A tenant who left a carcass to rot inside a Yellowknife rental unit must pay more than $3,000 to cover the cost of cleaning up and repairing other damage.
The Yellowknife Housing Authority, which administers some of the city’s public housing, took the individual to a hearing before NWT rental officer Adelle Guigon last month.
Neither the individual nor the building are named in the written summary of Guigon’s decision that the tenant must pay nearly $3,400, of which $1,625 is covered by a security deposit. (Full names of parties involved are rarely given in NWT rental office rulings.)
The individual had stopped living at the premises some time before mid-November last year, according to the rental office. By the time the housing authority realized the premises had been abandoned and conducted an inspection, in December, electricity to the unit had been cut off.
“The respondent had left an unwrapped animal carcass in the fridge’s freezer.
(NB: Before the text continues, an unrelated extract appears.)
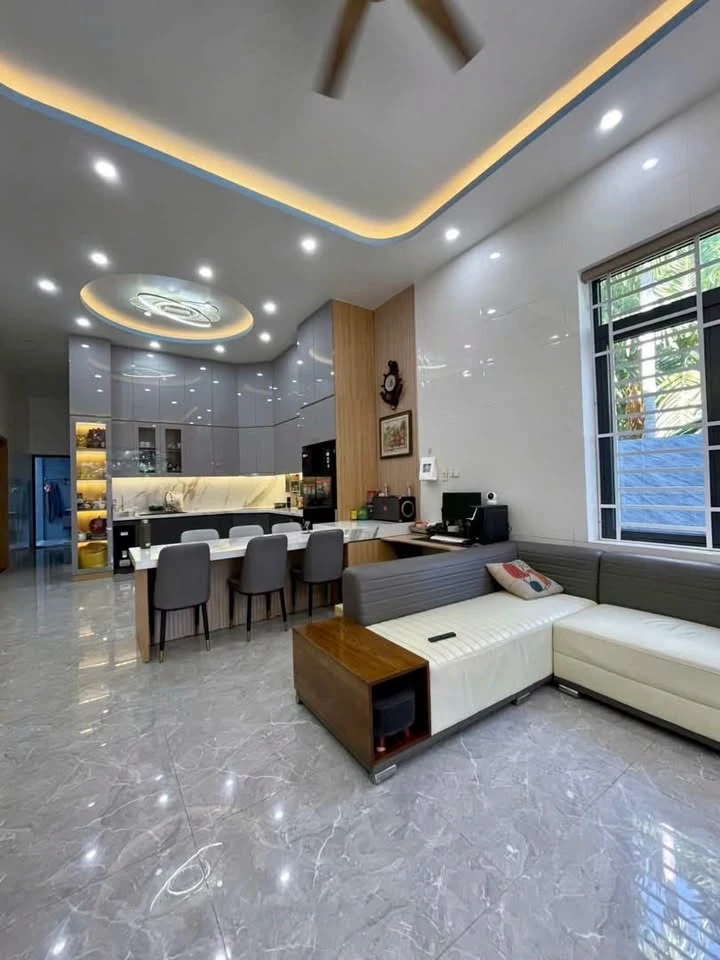 Bán nhà mái Thái 220m2, 3PN 2WC, Lê Văn Sỹ, Quảng Ngãi - Ảnh thu nhỏ 2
When the electricity services were discontinued the carcass thawed and went bad, and the odours and juices seeped into and out of the fridge,” Guigon wrote.
The rental officer decided cleaning costs of $425 were owed, alongside more than $1,000 to dispose of and replace the fridge after “efforts to remove the odour of rotting meat … were unsuccessful.”
A further $1,100 must be paid to cover the removal of other items and garbage, Guigon decided, with several hundred dollars also allocated for other minor repairs.
After the security deposit is taken into account, the tenant must now pay the remaining $1,756.45.
Hay River tenant avoids eviction
In a separate January decision, rental officer Janice Laycock ruled a tenant in Hay River could not yet be evicted despite police reportedly being summoned to the property more than 30 times in an 18-month span.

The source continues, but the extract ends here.